Rok więzienia w zawieszeniu na trzy lata i zakaz posiadania zwierząt. To kara dla 72-latka z pow. puławskiego, który zlecił zabicie swojego psa. Chore zwierzę skonało po ciosach młotkiem w głowę.
– Zamiast uśpić psa, Stanisław R. wybrał w swoim mniemaniu prostsze rozwiązanie – dodaje Dariusz Lenard, szef Prokuratury Rejonowej w Puławach. – Wspólnie ze swoim znajomym Janem W., ze szczególnym okrucieństwem, znęcał się nad psem. Świadomie dopuszczał do zadawania bólu i cierpień.
72-latek poprosił kolegę, Jana W. o zabicie psa. Dał mu młotek. Znajomy zadał zwierzęciu serię ciosów w głowę. Następnie obaj mężczyźni wrzucili psa do worka. Stanisław R. poprosił znajomego, by ten wywiózł zwierzę do lasu i wyrzucił. Mimo zadanych ciosów, pies żył. Skonał leżąc w zaroślach. Martwe zwierzę znalazł przypadkowy spacerowicz.

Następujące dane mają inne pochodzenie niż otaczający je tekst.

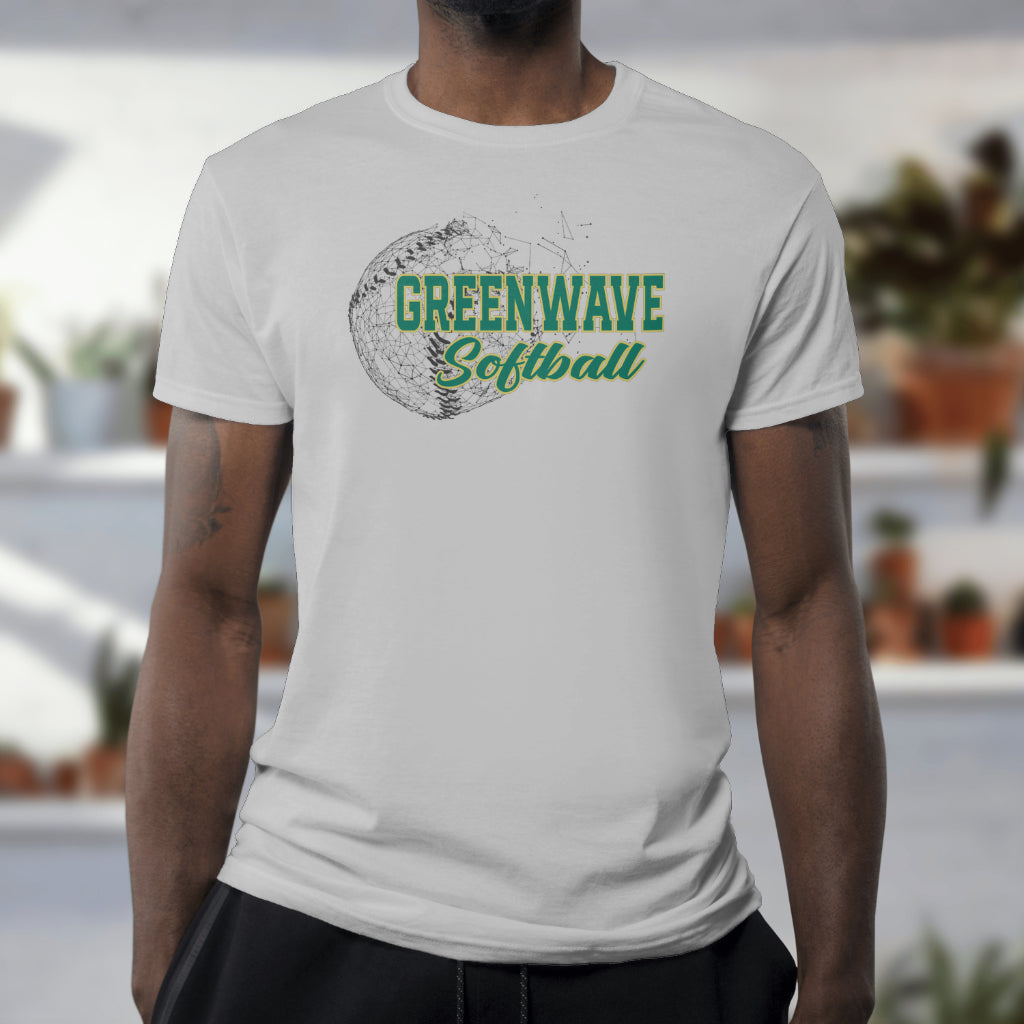Low Poly Softball - Greenwave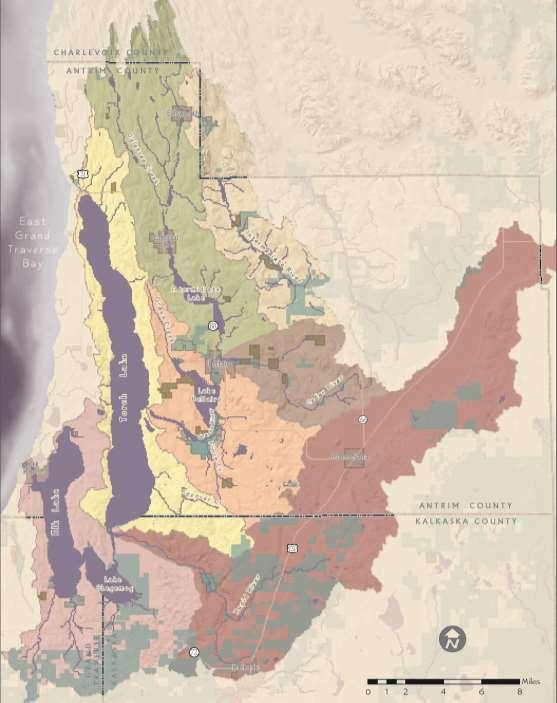 Elk River Chain of Lakes Largest subwatershed, 500 mi 2 10% covered with water Provides 60% of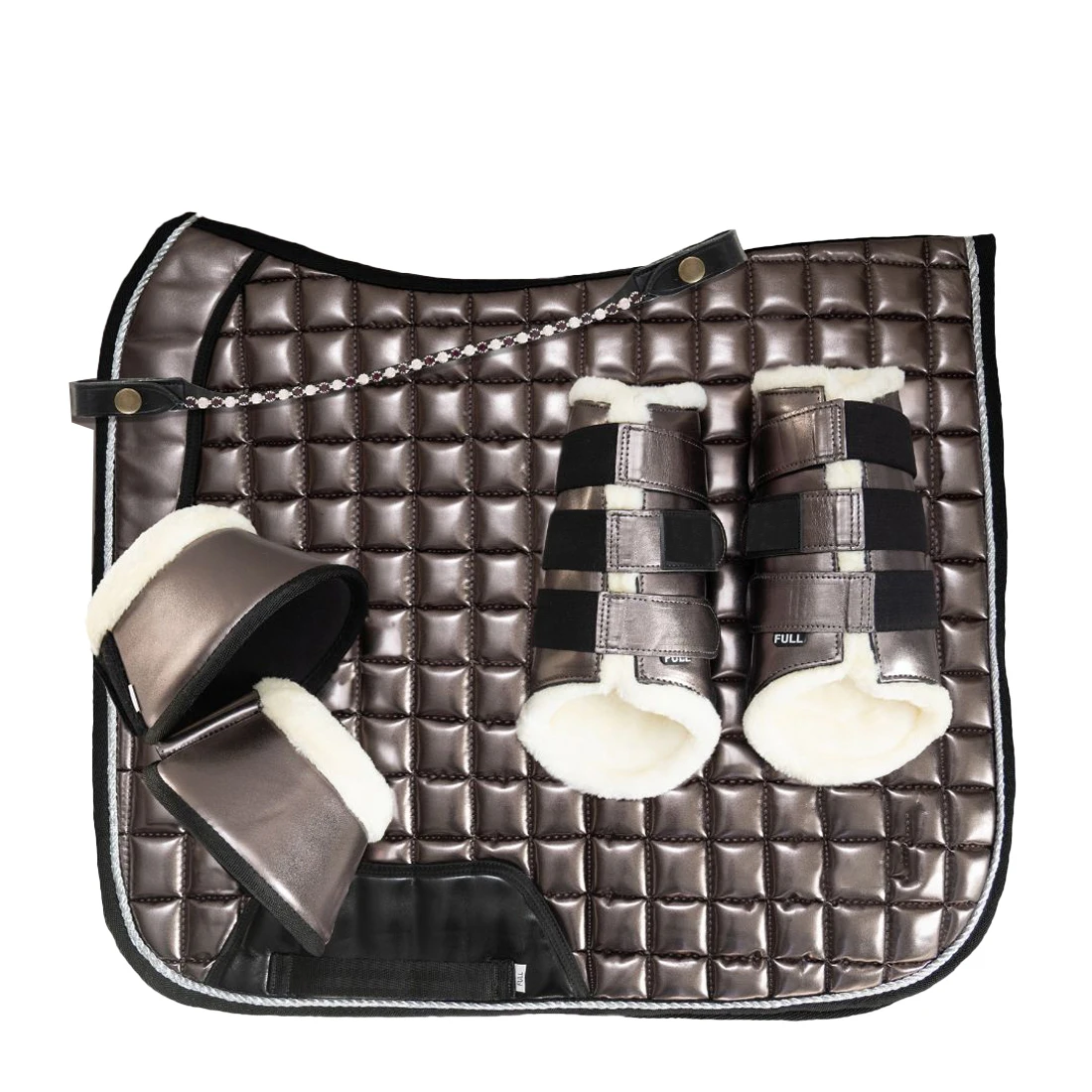 Different Design Custom Made Saddle Pads Anti-Slip Horse Riding Saddle Pads Sets OEM Breathable Low Price Saddle Pad Set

Powiadomił policjantów, którzy dotarli do właściciela psa.
Jan W., który tłukł zwierzę młotkiem został już wcześniej skazany na rok bezwzględnego więzienia. 72-letni właściciel psa dostał łagodniejszy wyrok. Sąd uznał, że w momencie zdarzenia miał ograniczoną zdolność oceny swoich czynów. W rezultacie usłyszał wyrok roku więzienia w zawieszeniu na trzy lata. W tym czasie nie może również posiadać żadnych zwierząt.